Nontargeted Metabolomic Profiling of Huo-Tan-Chu-Shi Decoction in the Treatment of Coronary Heart Disease with Phlegm-damp Syndrome

Zhaoying Liang; Qiaohuang Zeng; Xiaomin Ou; Jing Cai; Taohua Lan; Weihui Lu

doi:10.1155/2022/6532003

Nontargeted Metabolomic Profiling of Huo-Tan-Chu-Shi Decoction in the Treatment of Coronary Heart Disease with Phlegm-damp Syndrome

Cardiol Res Pract. 2022 Aug 12:2022:6532003. doi: 10.1155/2022/6532003. eCollection 2022.

Authors

Zhaoying Liang^{1

2}, Qiaohuang Zeng^{1

2

3}, Xiaomin Ou¹, Jing Cai¹, Taohua Lan^{1

2

3

4}, Weihui Lu^{1

2

3

4}

Affiliations

¹ The Second Clinical Medical College of Guangzhou University of Chinese Medicine, Guangzhou 510405, China.
² State Key Laboratory of Dampness Syndrome of Chinese Medicine, The Second Affiliated Hospital of Guangzhou University of Chinese Medicine, Guangzhou 510020, China.
³ Guangdong Provincial Hospital of Chinese Medicine, Guangzhou 510020, China.
⁴ Guangdong Provincial Key Laboratory of Chinese Medicine for Prevention and Treatment of Refractory Chronic Diseases, Guangzhou 510020, China.

Abstract

Background: Considered an effective supplementary therapy, traditional Chinese medicine (TCM) has been widely applied in the treatment of coronary heart disease (CHD). In this study, we aim to investigate the effects and mechanisms of Huo-Tan-Chu-Shi decoction (HTCSD, an in-hospital TCM prescription) in the treatment of CHD with the phlegm-damp syndrome in mice by non-targeted metabolomics with liquid chromatography-mass spectrometry (LC-MS)/MS.

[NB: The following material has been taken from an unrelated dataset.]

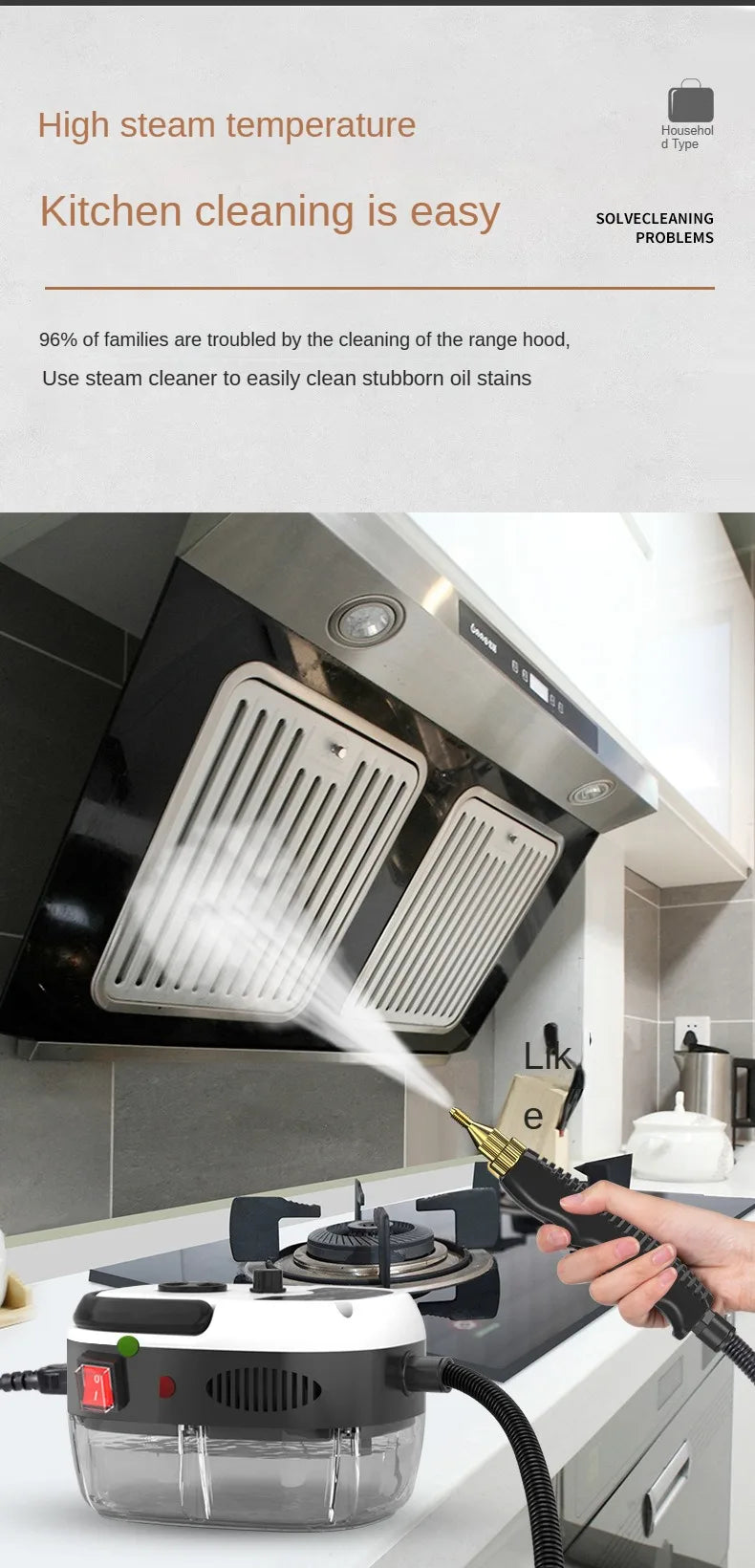 Steam Cleaner High Temperature Sterilization 110V/220V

Methods: A CHD with phlegm-damp syndrome model was established with ApoE^-/- mice by subcutaneous injection with isoproterenol combined with high temperature, high humidity, and a high-fat diet, and divided into the HTCSD and Tanshi groups. C57BL/6 mice were set as the control group with an ordinary environment and diet. After administration, electrocardiogram (ECG), interventricular septum thickness (IVS) and left ventricular posterior wall thickness (LVPW), serum levels of creatine phosphokinase-Mb (CK-MB), cardiac troponin T (cTnT), lactic dehydrogenase (LDH) and oxidized low-density lipoprotein (oxLDL), and myocardial histopathological changes were recorded to assess myocardial damage. LC-MS/MS was applied to demonstrate the serum metabolic profile and explore potential mechanisms.

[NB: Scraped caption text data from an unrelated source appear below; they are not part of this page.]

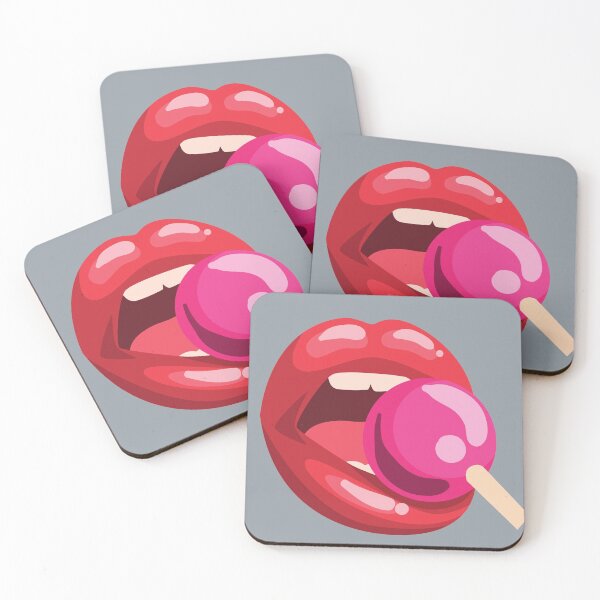 Item preview, Cute lips with lollipop designed and sold by sunandsnowglobe.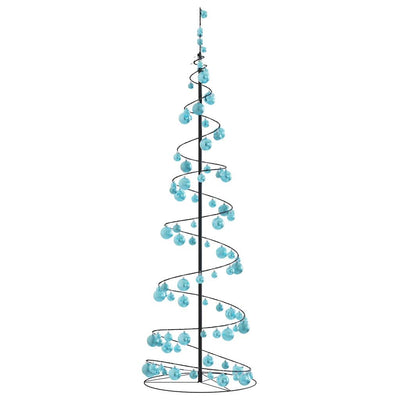 Weihnachtsbaum Kegelform mit Kugeln 120 LEDs Warmweiß 180 cm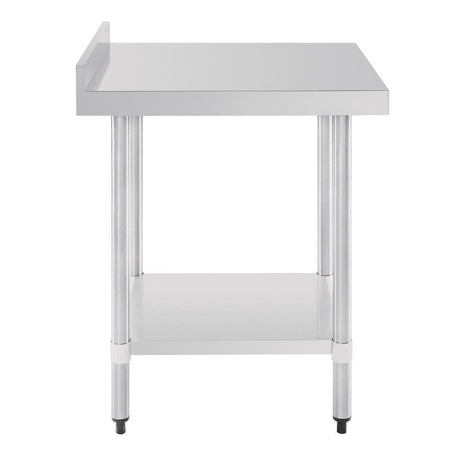 Table en acier inoxydable avec rebord Vogue 600 x 700mm - FRANCE CHR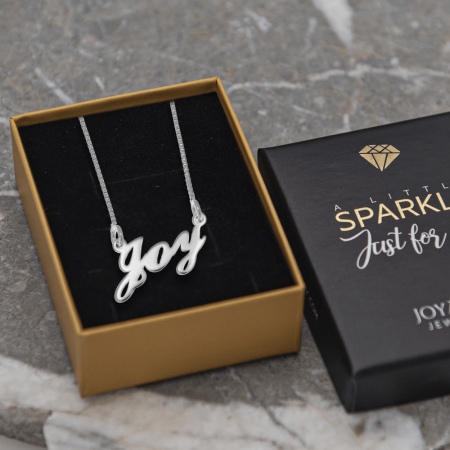 Joy Name Necklace-2 in 925 Sterling Silver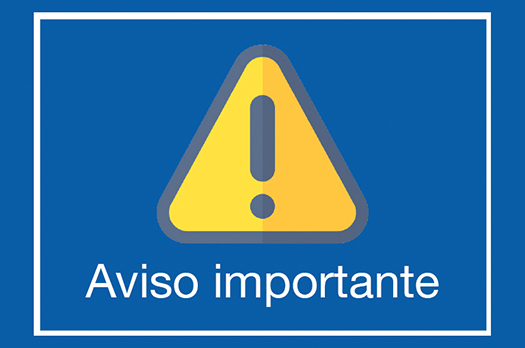 Aviso: Intermitencias en el Portal Institucional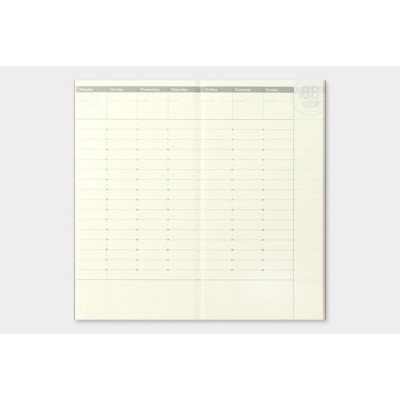 Traveler's Company (Midori) Notebook Refill, Standard Size, 018 Free Diary (Weekly)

Results: The obvious depressions of the ST segment and T wave presented in the ECG of Tanshi mice, while the depressions in ECG of HTCSD mice were significantly reduced. Compared with the control group, IVS, LVPW, and serum levels of CK-MB, cTnT, LDH, and oxLDL increased greatly in the Tanshi group, while these indicators decreased remarkably in the HTCSD group compared with those of the Tanshi group. Histopathology showed severe structural disorder, necrosis, and fibrosis of myocardial cells in Tanshi mice, which were alleviated in HTCSD mice. Metabonomics analysis showed obvious metabolic alterations among the experimental mice and revealed that the relevant metabolic pathways mainly included phospholipid metabolism, necroptosis, and autophagy.

Conclusions: HTCSD has a certain therapeutic effect in mice with CHD with phlegm-damp syndrome via reducing myocardial ischemia, hypertrophy, and fibrosis. The underlying mechanisms involve the regulation of phospholipid metabolism, necroptosis, and autophagy.